■ EXERCISE ■
From the line containing "Vintage 90s San" to the line containing "Cute USA Patriotic" in the entries below, reproduce every line exactly, ends included. Nothing else belongs in the copy, and no pictures.

■ GIVEN INFORMATION ■
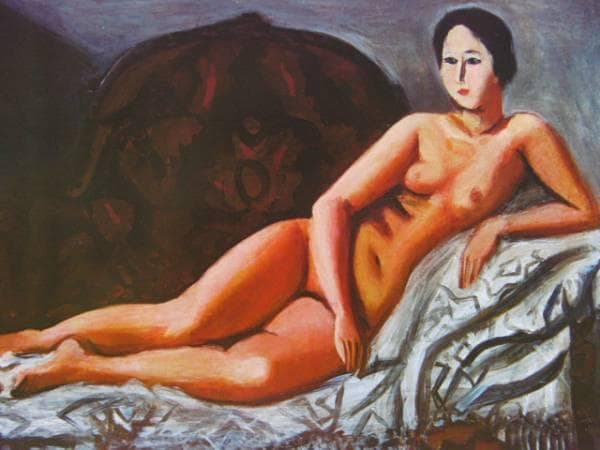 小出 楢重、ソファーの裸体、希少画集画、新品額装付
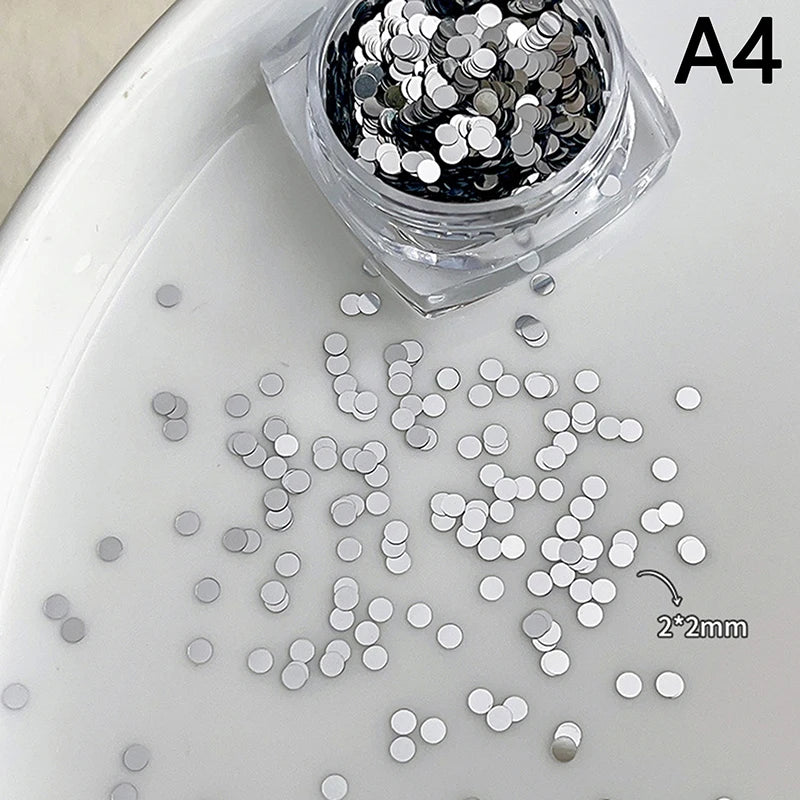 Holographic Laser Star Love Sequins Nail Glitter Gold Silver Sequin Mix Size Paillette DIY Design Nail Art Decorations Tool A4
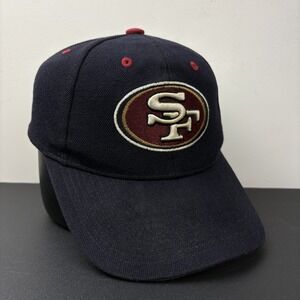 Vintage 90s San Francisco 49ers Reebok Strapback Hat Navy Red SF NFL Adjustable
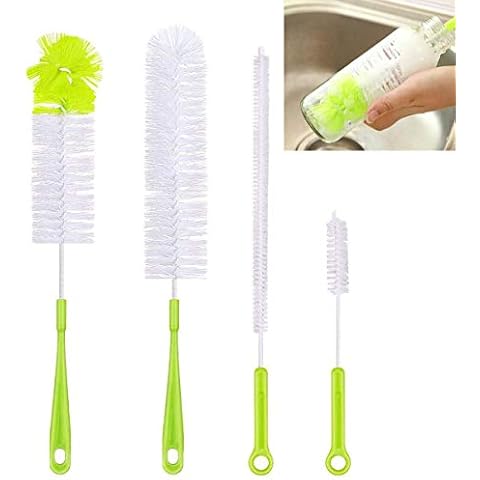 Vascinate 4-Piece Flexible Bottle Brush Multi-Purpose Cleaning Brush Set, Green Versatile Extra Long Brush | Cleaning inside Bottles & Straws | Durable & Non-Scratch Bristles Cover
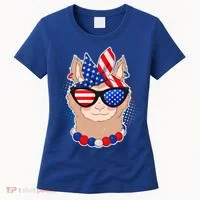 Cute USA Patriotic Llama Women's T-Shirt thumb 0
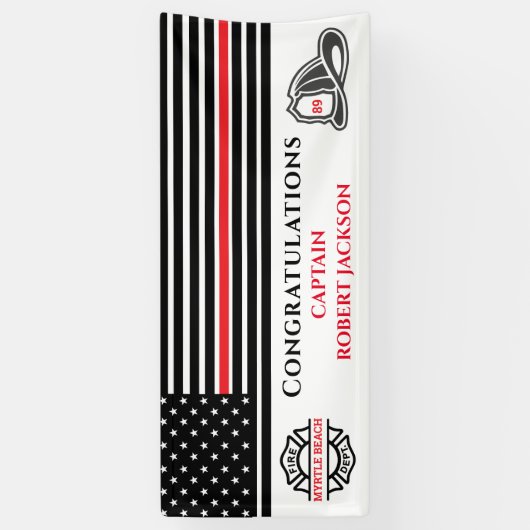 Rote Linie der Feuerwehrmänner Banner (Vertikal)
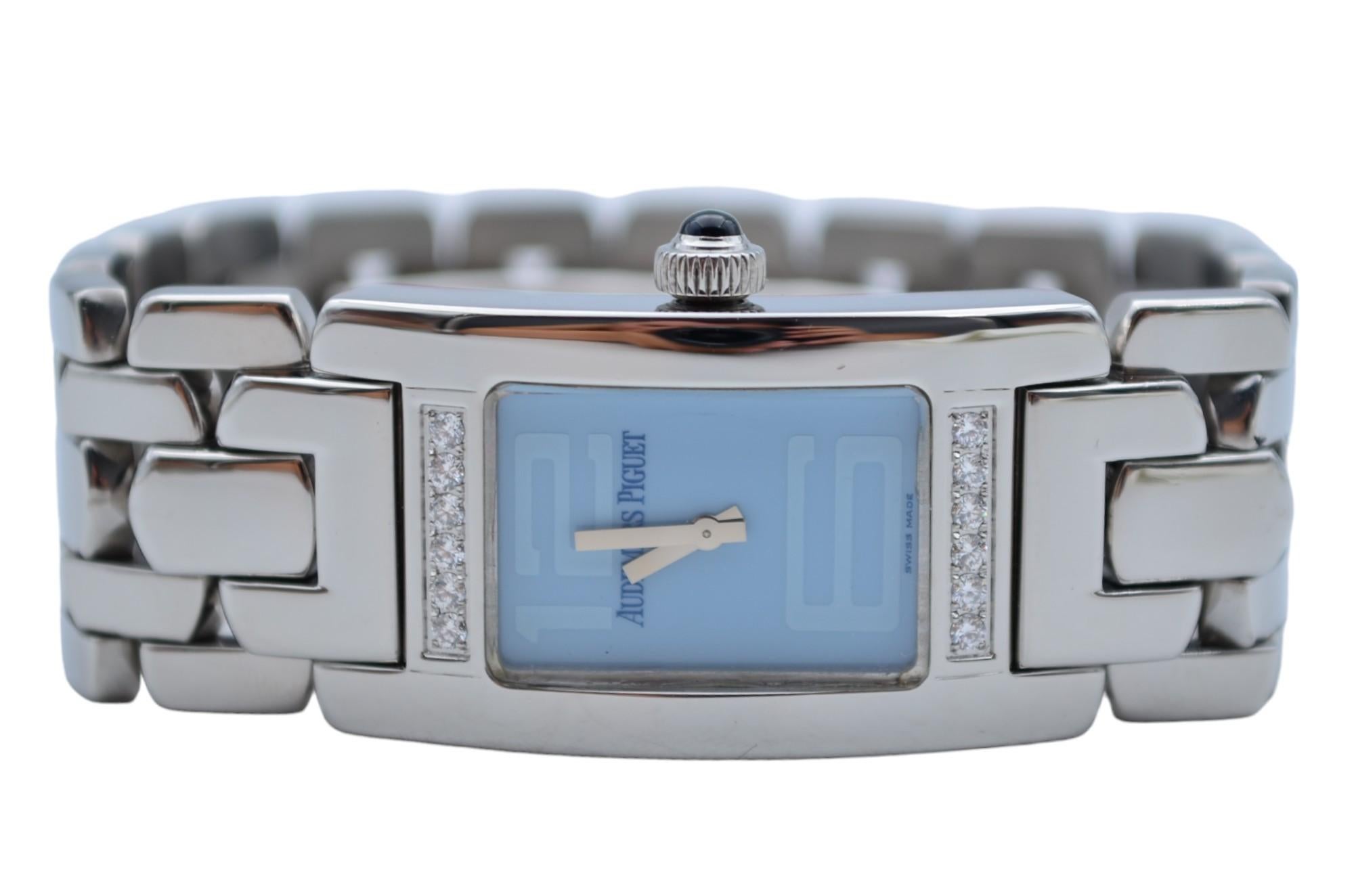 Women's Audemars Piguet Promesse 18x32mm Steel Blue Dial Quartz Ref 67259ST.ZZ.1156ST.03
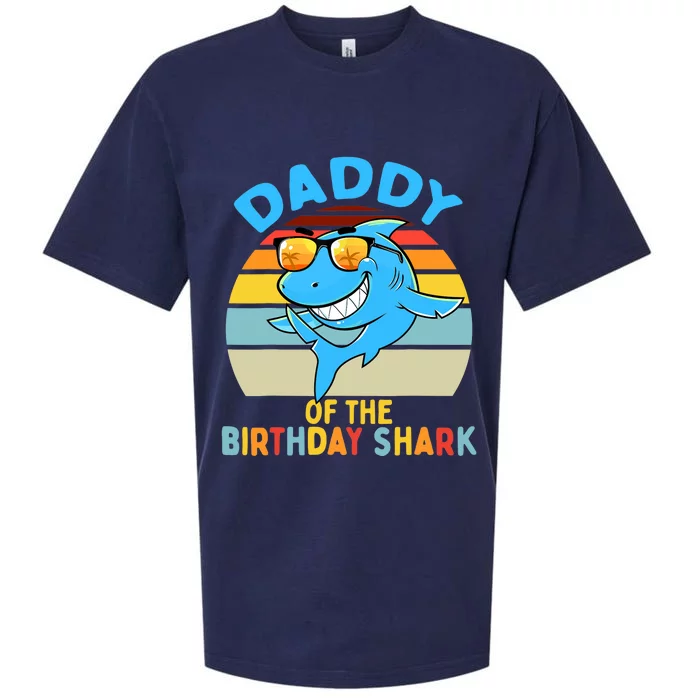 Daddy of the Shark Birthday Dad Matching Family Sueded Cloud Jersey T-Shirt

* * *

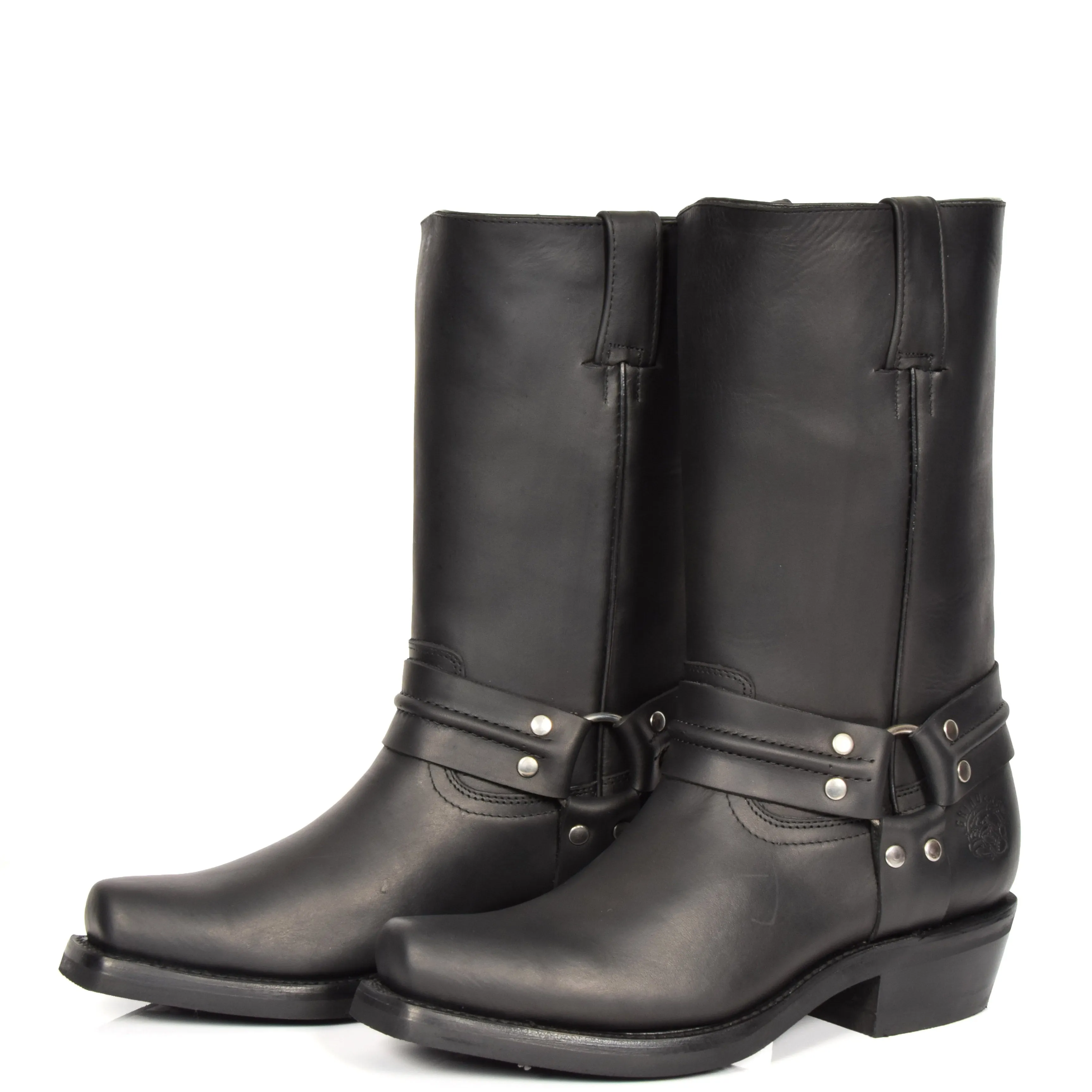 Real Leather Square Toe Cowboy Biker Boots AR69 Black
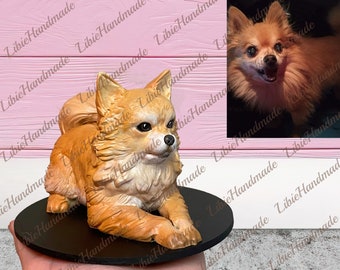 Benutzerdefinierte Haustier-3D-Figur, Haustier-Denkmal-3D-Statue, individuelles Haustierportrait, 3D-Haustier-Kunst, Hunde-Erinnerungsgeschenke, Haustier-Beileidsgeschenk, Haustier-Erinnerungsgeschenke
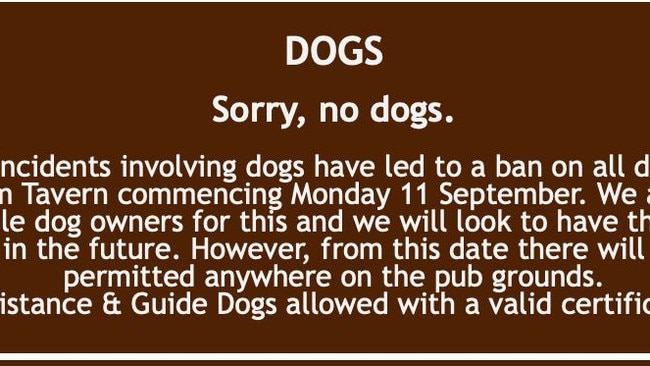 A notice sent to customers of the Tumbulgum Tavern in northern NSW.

...

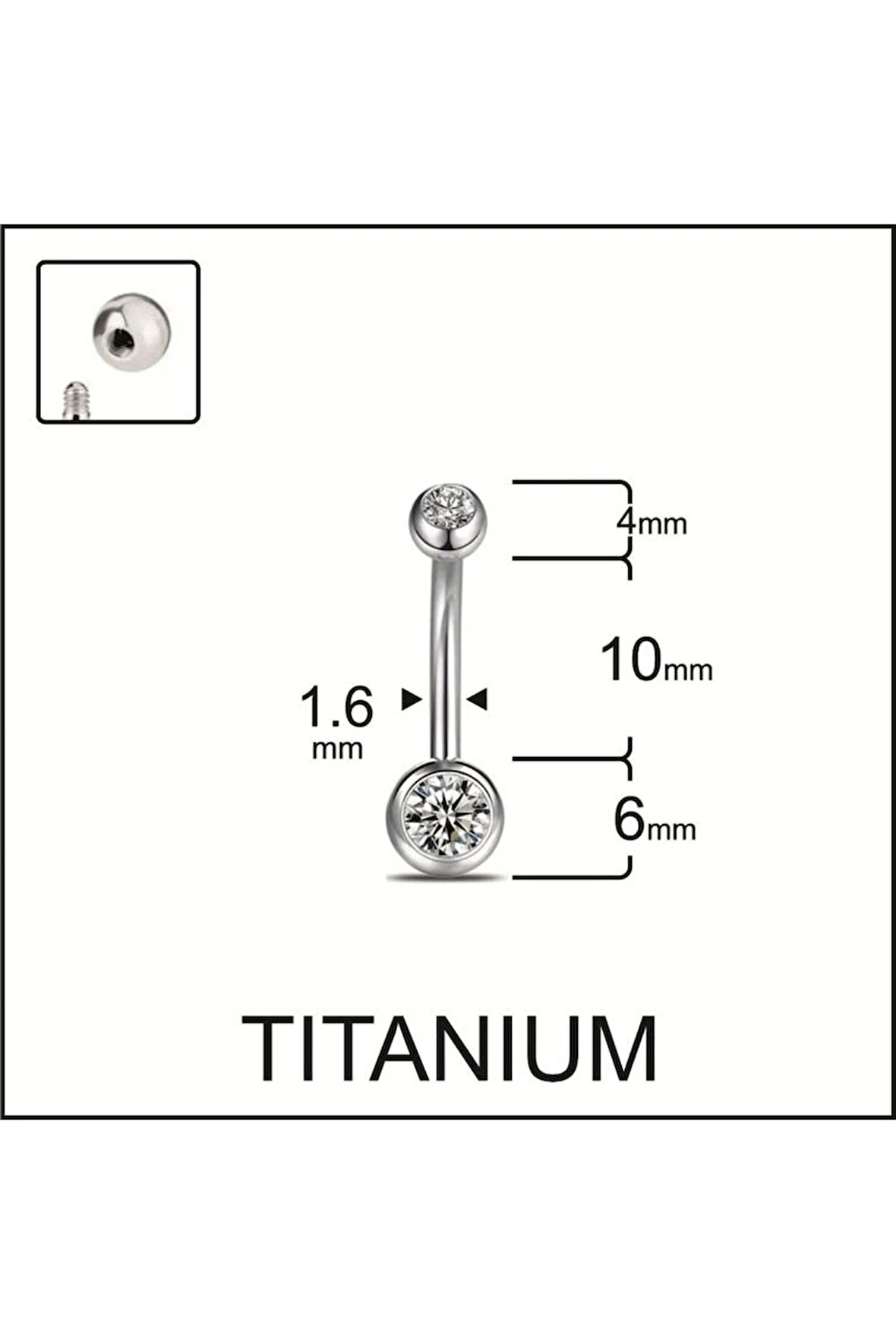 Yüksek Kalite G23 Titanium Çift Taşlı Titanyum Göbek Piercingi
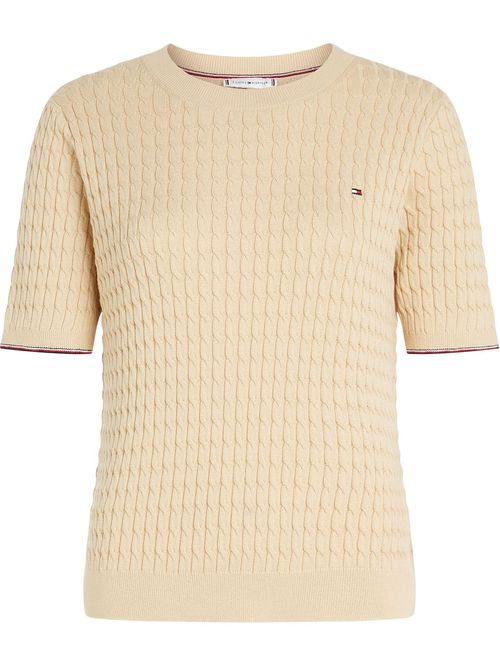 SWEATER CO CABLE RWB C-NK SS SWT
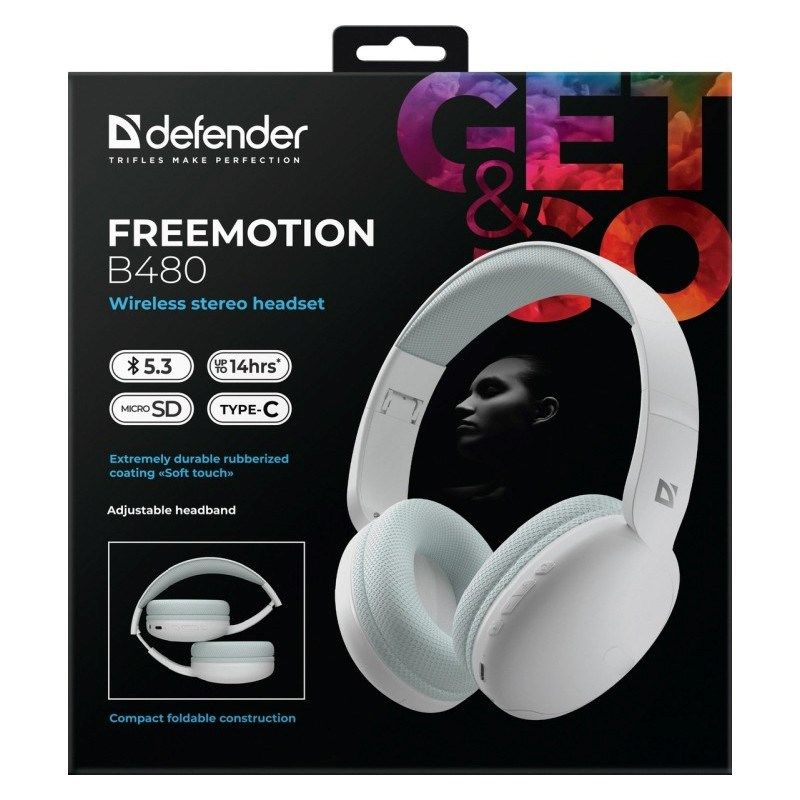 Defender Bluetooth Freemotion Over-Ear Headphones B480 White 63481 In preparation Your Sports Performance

■ RESPONSE AREA ■
 Vintage 90s San Francisco 49ers Reebok Strapback Hat Navy Red SF NFL Adjustable
 Vascinate 4-Piece Flexible Bottle Brush Multi-Purpose Cleaning Brush Set, Green Versatile Extra Long Brush | Cleaning inside Bottles & Straws | Durable & Non-Scratch Bristles Cover
 Cute USA Patriotic Llama Women's T-Shirt thumb 0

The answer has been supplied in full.